Enterohepatic circulation may play a significant role in the pharmacokinetics of isotretinoin in humans. In vitro metabolism studies have shown that several cytochrome P450 (CYP) enzymes are involved in the conversion of isotretinoin to 4-oxo-isotretinoin and tretinoin. No single isoform appears to play a dominant role. Isotretinoin and its metabolites do not significantly affect the activity of CYP enzymes.
Withdrawal
Following oral administration of radiolabeled isotretinoin, approximately equal amounts are recovered in urine and feces. The terminal half-life of unchanged drug in acne patients averages 19 hours after oral administration of isotretinoin. The terminal half-life of 4-oxo-isotretinoin is longer, averaging 29 hours.

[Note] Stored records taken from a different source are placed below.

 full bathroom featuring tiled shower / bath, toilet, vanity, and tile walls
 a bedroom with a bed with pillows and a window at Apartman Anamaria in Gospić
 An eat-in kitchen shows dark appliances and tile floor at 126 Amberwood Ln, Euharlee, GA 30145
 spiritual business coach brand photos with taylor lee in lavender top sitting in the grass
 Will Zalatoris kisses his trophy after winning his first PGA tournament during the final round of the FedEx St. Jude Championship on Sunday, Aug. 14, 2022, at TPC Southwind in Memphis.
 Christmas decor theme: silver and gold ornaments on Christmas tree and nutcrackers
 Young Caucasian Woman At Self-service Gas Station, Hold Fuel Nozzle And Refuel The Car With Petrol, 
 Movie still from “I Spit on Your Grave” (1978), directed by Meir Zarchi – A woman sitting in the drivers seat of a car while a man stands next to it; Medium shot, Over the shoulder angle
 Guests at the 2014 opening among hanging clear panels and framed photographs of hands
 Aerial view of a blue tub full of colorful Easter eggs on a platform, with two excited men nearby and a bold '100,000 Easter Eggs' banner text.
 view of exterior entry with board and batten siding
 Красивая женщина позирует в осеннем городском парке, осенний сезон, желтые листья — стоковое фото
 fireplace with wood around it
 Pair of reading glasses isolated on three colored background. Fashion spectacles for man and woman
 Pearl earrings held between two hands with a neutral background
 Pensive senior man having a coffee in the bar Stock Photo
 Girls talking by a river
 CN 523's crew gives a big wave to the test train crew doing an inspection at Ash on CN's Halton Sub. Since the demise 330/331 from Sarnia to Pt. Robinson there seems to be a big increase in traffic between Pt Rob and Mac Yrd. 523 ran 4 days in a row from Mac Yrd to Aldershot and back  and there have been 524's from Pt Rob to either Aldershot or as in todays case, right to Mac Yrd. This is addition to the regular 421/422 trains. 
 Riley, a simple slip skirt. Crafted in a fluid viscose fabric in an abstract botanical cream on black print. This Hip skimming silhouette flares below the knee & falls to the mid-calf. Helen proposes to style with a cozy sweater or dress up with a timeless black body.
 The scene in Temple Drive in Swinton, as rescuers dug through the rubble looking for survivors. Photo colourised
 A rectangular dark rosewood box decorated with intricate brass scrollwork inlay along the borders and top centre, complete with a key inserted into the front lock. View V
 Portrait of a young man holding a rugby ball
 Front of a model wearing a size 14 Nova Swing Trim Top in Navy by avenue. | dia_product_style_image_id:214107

Isotretinoin is a natural (physiological) retinoid. Endogenous retinoid concentrations are restored approximately 2 weeks after discontinuing isotretinoin treatment.
Special patient groups
Liver failure
Because isotretinoin is contraindicated in patients with impaired liver function, data on the pharmacokinetics of the drug in this patient group are limited.
Renal failure
In patients with renal impairment, plasma clearance of isotretinoin or 4-oxo-isotretinoin is not significantly reduced.
Overdose
Isotretinoin is a vitamin A derivative. Despite its low acute toxicity, signs of hypervitaminosis A may occur with accidental overdose. Symptoms of acute vitamin A toxicity include severe headache, nausea or vomiting, drowsiness, irritability, and itching.
The signs and symptoms of accidental or intentional isotretinoin overdose are likely to be similar. These symptoms are expected to be reversible and resolve without the need for treatment.